The thought that someone, somewhere, at some time may have received this postcard from a friend and said to his wife, "Hey Hon, lookit these here Oklahoma Injuns just standing around waiting to get their picture taken," makes me cringe.
But I suppose the postcard industry makes it's profits by speaking in cultural stereotypes and shorthand. Go to Germany, you'll find postcards of frauleins in tightly tied bodices standing next to ledershosen shod men. Alaskan postcards probably display Nonookian families huddled in front of their domed ice homes, and grassed skirted "hula" girls and guys are the stuff of Hawaiian postcard dreams.
It also reminds me of a story my cousin, Booby (real name Winston, don't really know where the nickname Booby came from) tells of the grand times he spent in Paris, France studying at some culinary institute in the late '70's.
Seems he was at an upscale eatery, chatting up some local femmes, when the topic of his nationality and homeland came up. After stating he was born and raised in Honolulu, Hawaii, U.S.A., he drew stares and comments from the surrounding crowd - many of whom were inquiring how he liked wearing "real clothes" and sleeping in "houses made of brick and cement."
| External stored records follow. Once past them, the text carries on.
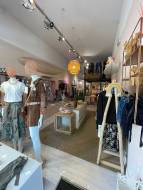 d20a6aa1-2d7a-4c59-ae0e-d79d81c526de_original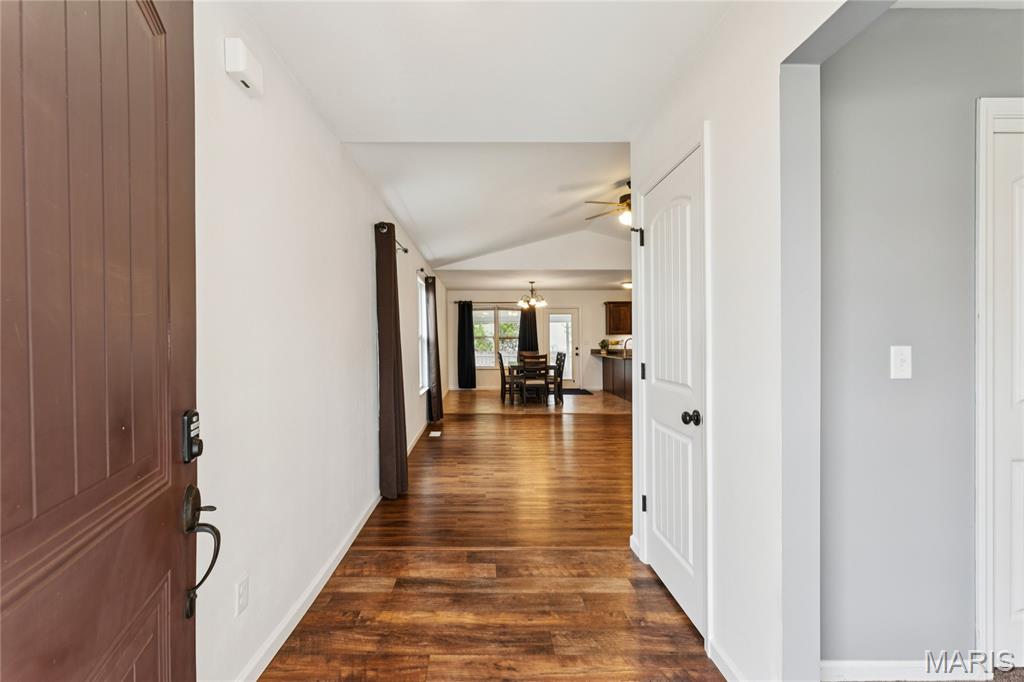 3233 Scepter Court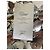 Paco Rabanne x H&M Silber Metallic Kleid Metallisch - Ansicht 4
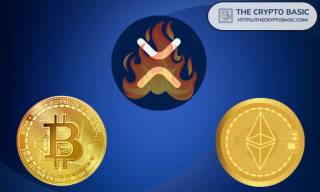 XRP может вырасти почти в 8 раз при достижении BTC $115K и ETH $8K, прогнозы аналитиков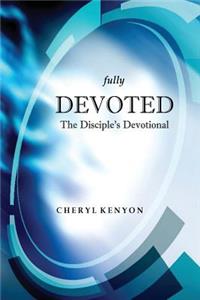 fully Devoted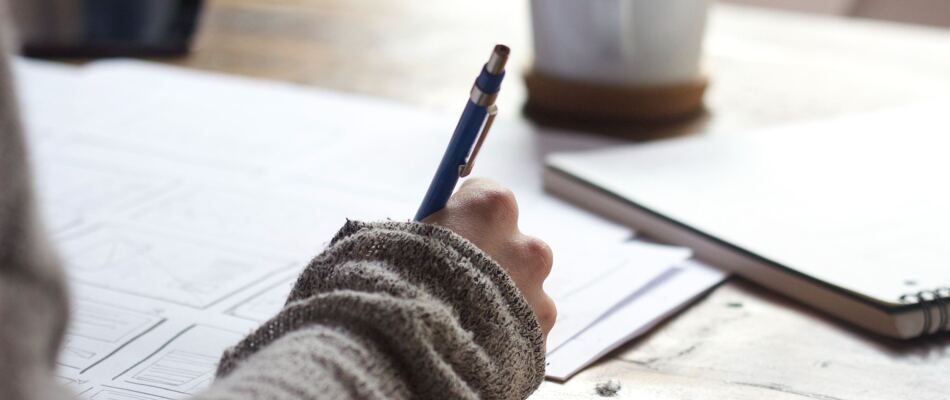 Project qualifications: The benefits and barriers Project qualifications: The benefits and barriers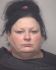 Robyn Price Arrest Mugshot Cleveland 07/19/2020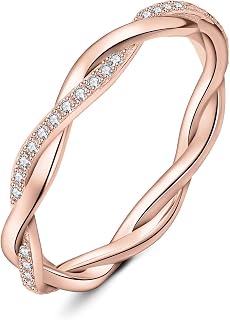 JewelryPalace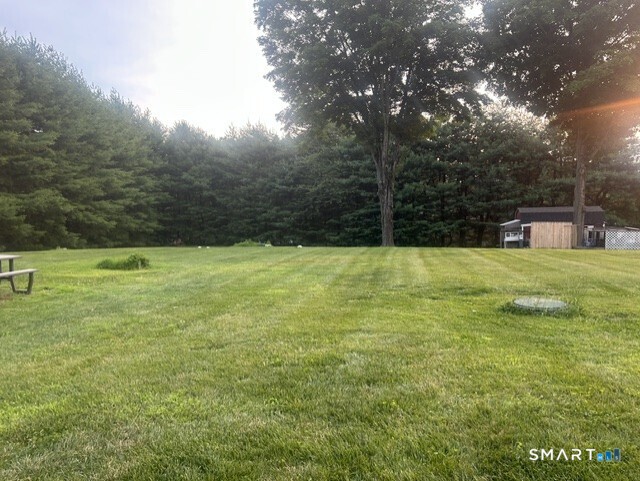 30 Stony Hill Road Brookfield CT 06804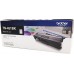 Brother Toner Cartridge (TN-451) Black - 1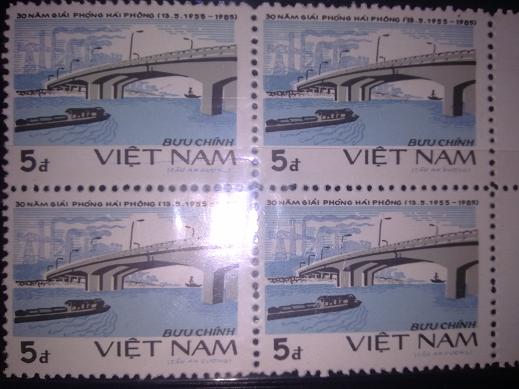 Name:  vn 464 MAT MAU XANH DAM.jpg
Views: 569
Size:  40.3 KB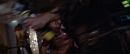 Filename=ariane179254_StarTrekII_TheWrathOfKhan_DC_3524.jpg
Filesize=72KiB
Dimensions=1920x800
Date added=Jun 17, 2016 ariane179254_StarTrekII_TheWrathOfKhan_DC_3524.jpg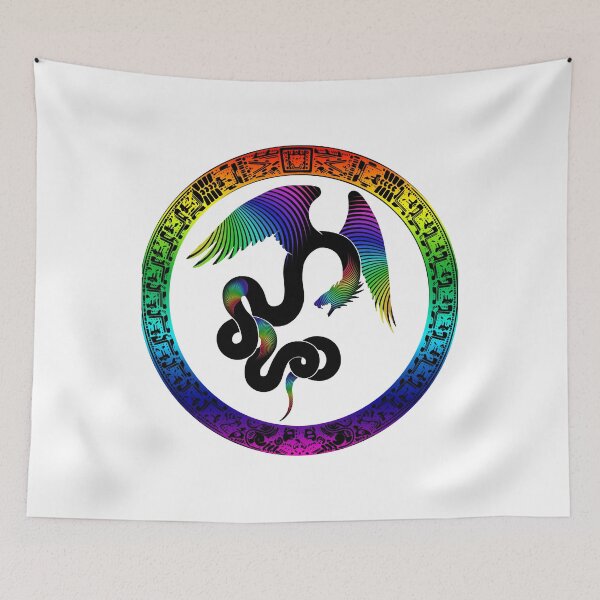 Item preview, Az.te.c Dreams designed and sold by Pllionunmt.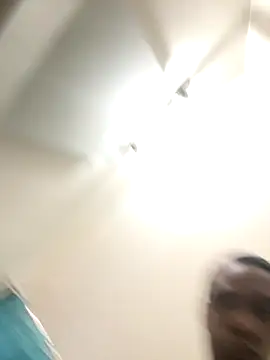 Snapshot of TransboyJay chatting on 11-17-25, 04:57 TransboyJay online show from 11-17-25, 04:57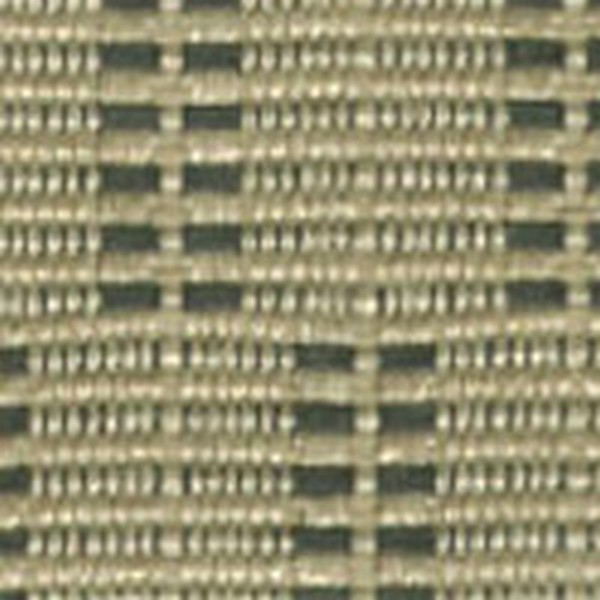 Lattitude V Dk Pewter  E6114 - OEM Cloth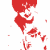 Avatar for kyung00k from gravatar.com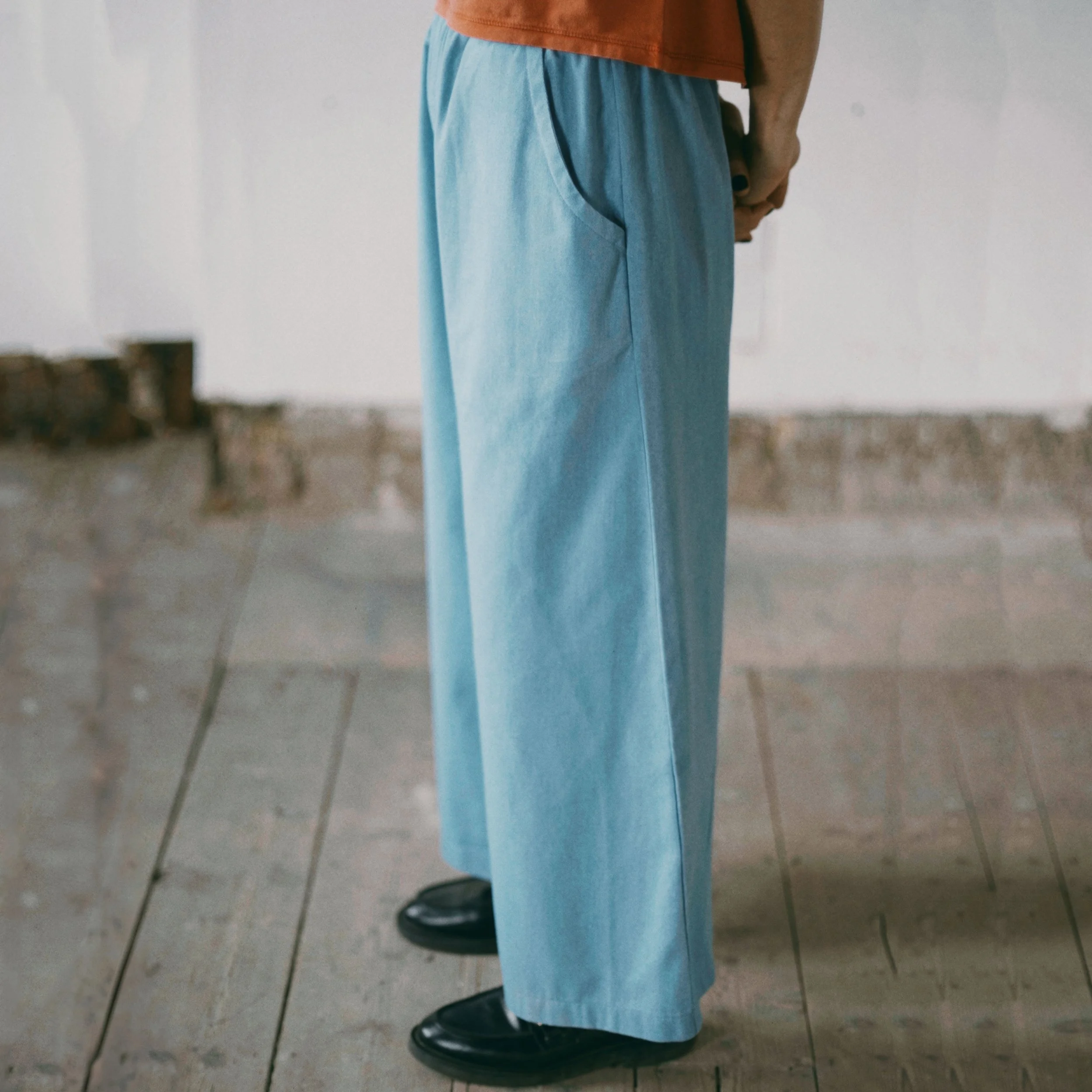 culottes side.jpg
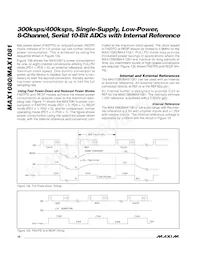 MAX1080BCUP+ Datenblatt Seite 18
To this day I still crack up at the memory of him describing how he played up the "island boy" role with the Frenchie's and the disbelief in their ignorant, albeit romanticized, impressions of Hawaii in the 1970's.
Then there's this one...
Begging the question, if you went up to a Native American today and said, "How," just how fast would you have to run to avoid getting your much deserved butt kicking?